Instructions to follow:
Check every line of the data below for "with". Copy each one that has it.

________

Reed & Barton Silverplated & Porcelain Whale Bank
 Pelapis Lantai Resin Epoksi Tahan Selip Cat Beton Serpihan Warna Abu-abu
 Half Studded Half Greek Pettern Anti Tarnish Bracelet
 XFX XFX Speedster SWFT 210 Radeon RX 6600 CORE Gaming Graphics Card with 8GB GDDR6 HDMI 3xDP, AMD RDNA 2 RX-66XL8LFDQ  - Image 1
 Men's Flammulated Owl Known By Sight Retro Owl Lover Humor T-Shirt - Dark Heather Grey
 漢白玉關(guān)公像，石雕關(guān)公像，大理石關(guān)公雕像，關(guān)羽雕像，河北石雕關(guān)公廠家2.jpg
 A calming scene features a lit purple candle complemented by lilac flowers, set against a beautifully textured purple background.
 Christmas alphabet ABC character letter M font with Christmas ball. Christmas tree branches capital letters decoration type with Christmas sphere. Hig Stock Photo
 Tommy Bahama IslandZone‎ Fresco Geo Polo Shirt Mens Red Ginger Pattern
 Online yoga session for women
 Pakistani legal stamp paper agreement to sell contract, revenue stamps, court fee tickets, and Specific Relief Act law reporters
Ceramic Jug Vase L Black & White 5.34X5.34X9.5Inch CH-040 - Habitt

________

Solution to this exercise:
 XFX XFX Speedster SWFT 210 Radeon RX 6600 CORE Gaming Graphics Card with 8GB GDDR6 HDMI 3xDP, AMD RDNA 2 RX-66XL8LFDQ  - Image 1
 Christmas alphabet ABC character letter M font with Christmas ball. Christmas tree branches capital letters decoration type with Christmas sphere. Hig Stock Photo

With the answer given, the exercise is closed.